» What is expected
Please repeat exactly the lines from the one containing "Zwarte telefoon met" to the end of the entries below, both included, and omit all pictures.
***** Task inputs *****
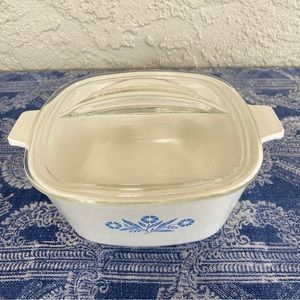 Vintage ‘62 - ‘71 Corning Ware Square 1.75-Qt Casserole Dish with Pyrex Fin Lid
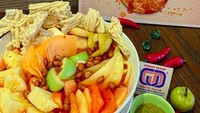 Menyebut asinan khas Bogor tak bisa meninggalkan Asinan Sedap Gedung Dalam. Asinan yang sudah ada sejak 1978 ini juga dijual online. Buah asinannya beragam seperti nanas, ubi, pepaya, mangga, bengkoang, sampai apel. Ada juga asinan sayur yang nikmat di sini. Foto: Instagram asinansedapgedungdalam_bogor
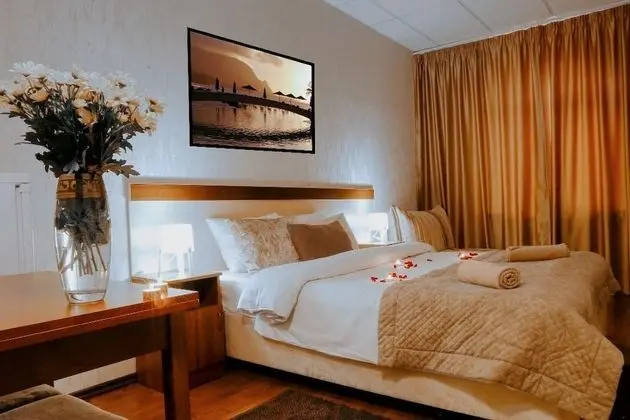 Standard Tek Büyük veya İki Ayrı Yataklı Oda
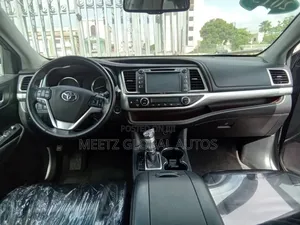 Toyota Highlander 2014 Silver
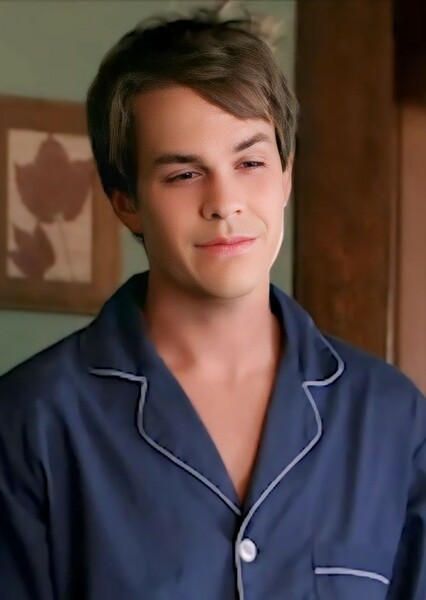 Johnny Simmons photo
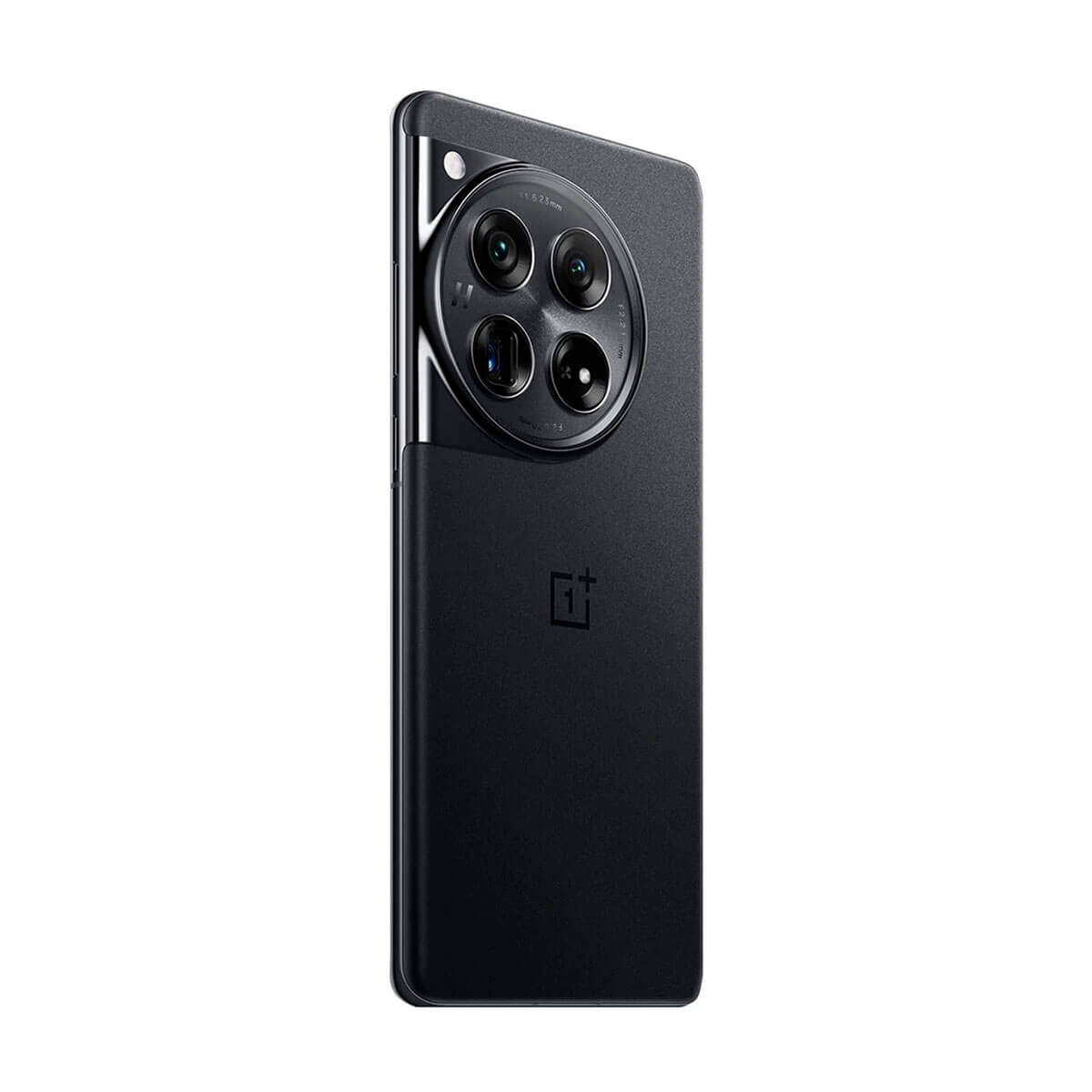 Zwarte telefoon met een grote cameramodule. Heeft vier lenzen en een flitser.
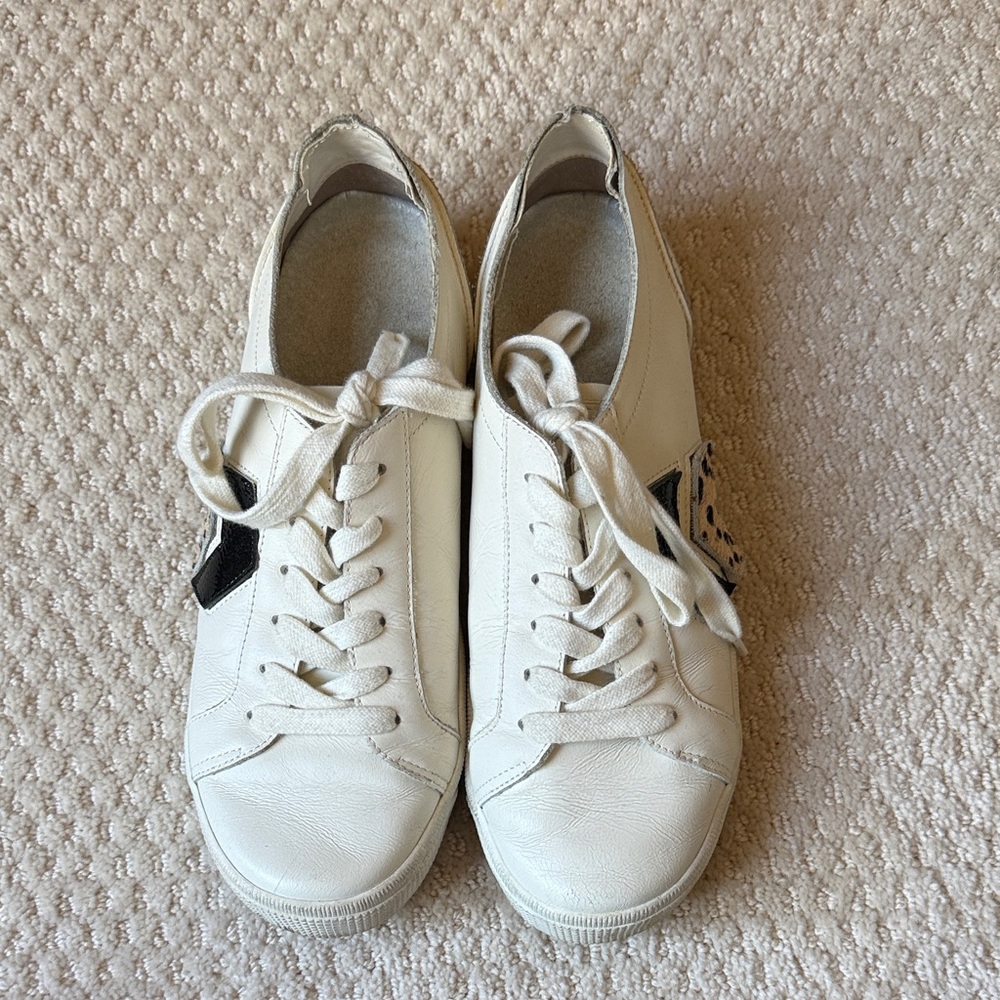 Stylish White Women's Sneakers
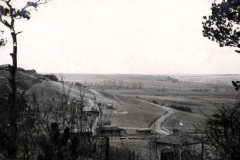 Landschaftsaufnahme mit Straße und Gebäuden in französischem Kriegsgebiet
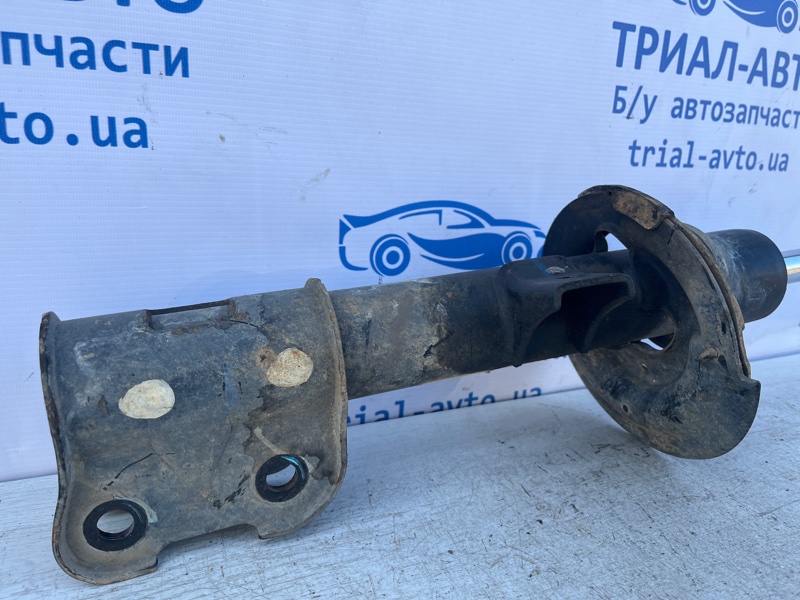 Амортизатор передний правый Sorento 2009-2021 XM 2.4 бензин G4KJ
*****
» Solution below
 Zwarte telefoon met een grote cameramodule. Heeft vier lenzen en een flitser.
 Stylish White Women's Sneakers
 Landschaftsaufnahme mit Straße und Gebäuden in französischem Kriegsgebiet
 Амортизатор передний правый Sorento 2009-2021 XM 2.4 бензин G4KJ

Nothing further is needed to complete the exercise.